Today began with stress. Couldn't find my ID and when I finally did, I rushed towards the train station and JUST missed my train. Thankfully, everything else turned out progressively better and better as long as I kept my smile up.

Wait... I thought to myself, I'm... smiling? And.. I don't feel like hurting myself or anyone around me? H-How... W-Why?! And before I had the chance to answer it, one of my clients perked up with their question about the migration that I was doing. Within only three hours, me and my coworker complete our rounds and begin to head out to the next site for our assignment.
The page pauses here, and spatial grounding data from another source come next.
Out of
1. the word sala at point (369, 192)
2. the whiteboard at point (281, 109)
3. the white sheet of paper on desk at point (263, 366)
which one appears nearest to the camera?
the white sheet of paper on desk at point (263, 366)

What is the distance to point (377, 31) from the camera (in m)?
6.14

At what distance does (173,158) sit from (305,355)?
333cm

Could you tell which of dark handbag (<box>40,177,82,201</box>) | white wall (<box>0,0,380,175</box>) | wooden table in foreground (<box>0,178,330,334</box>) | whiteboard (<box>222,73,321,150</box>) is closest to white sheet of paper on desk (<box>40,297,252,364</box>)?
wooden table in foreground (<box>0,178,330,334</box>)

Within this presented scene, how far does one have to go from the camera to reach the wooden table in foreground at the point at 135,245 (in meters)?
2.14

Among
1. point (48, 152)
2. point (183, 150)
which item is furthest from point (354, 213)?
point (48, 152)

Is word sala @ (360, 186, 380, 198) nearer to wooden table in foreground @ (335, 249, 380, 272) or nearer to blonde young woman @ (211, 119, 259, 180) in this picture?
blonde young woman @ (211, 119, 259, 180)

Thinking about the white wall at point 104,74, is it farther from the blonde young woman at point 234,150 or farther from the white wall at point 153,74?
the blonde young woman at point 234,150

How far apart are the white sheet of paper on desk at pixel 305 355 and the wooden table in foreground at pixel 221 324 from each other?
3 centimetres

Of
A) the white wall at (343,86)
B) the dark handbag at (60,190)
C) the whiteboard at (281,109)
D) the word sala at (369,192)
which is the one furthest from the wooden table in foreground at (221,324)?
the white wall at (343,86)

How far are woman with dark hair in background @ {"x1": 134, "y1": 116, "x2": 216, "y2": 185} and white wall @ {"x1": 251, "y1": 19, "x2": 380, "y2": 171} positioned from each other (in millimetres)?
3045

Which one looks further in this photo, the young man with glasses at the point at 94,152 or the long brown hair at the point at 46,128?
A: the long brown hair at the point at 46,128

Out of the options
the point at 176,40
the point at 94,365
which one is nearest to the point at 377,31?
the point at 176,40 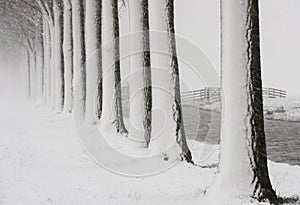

Walking down the halls of the hospital, I spot a happy family walking down together and I... I took the corner as fast I could, choking badly on tears that I don't want anyone to see... Screaming to myself,
Dear God! I want my little Seraph so badly! Please God! Give me my son...!
Thankfully, I resist the overpowering desire to cry until reaching a bathroom stall where I let all my barriers crash around me... letting my world spin in a surreal fashion... Not caring who hears me or whom judges me.

While sitting with my coworker in his car, discussing the future, she comes back into my mind. Her fingers skid across my chest and your smile lights my world. Before I knew it, my hand held my cellphone with your contact open, blinking and waiting for my message to you. I hesitate, writing several thousand things that I want to say before watching all of it disappear. I let out my sigh, feeling it reset my desire as if someone poured a cup of water out before it got too full.

The day ends and another coworker keeps me company for the ride home (or at least a very small portion of it), yet I'm already in the company of your words. The sparks float and carry around me, reigniting portions of me that I held tight to resist all urges to contact. No. I won't cave it. I won't let myself break my word that I desperately told her to be the absolute truth.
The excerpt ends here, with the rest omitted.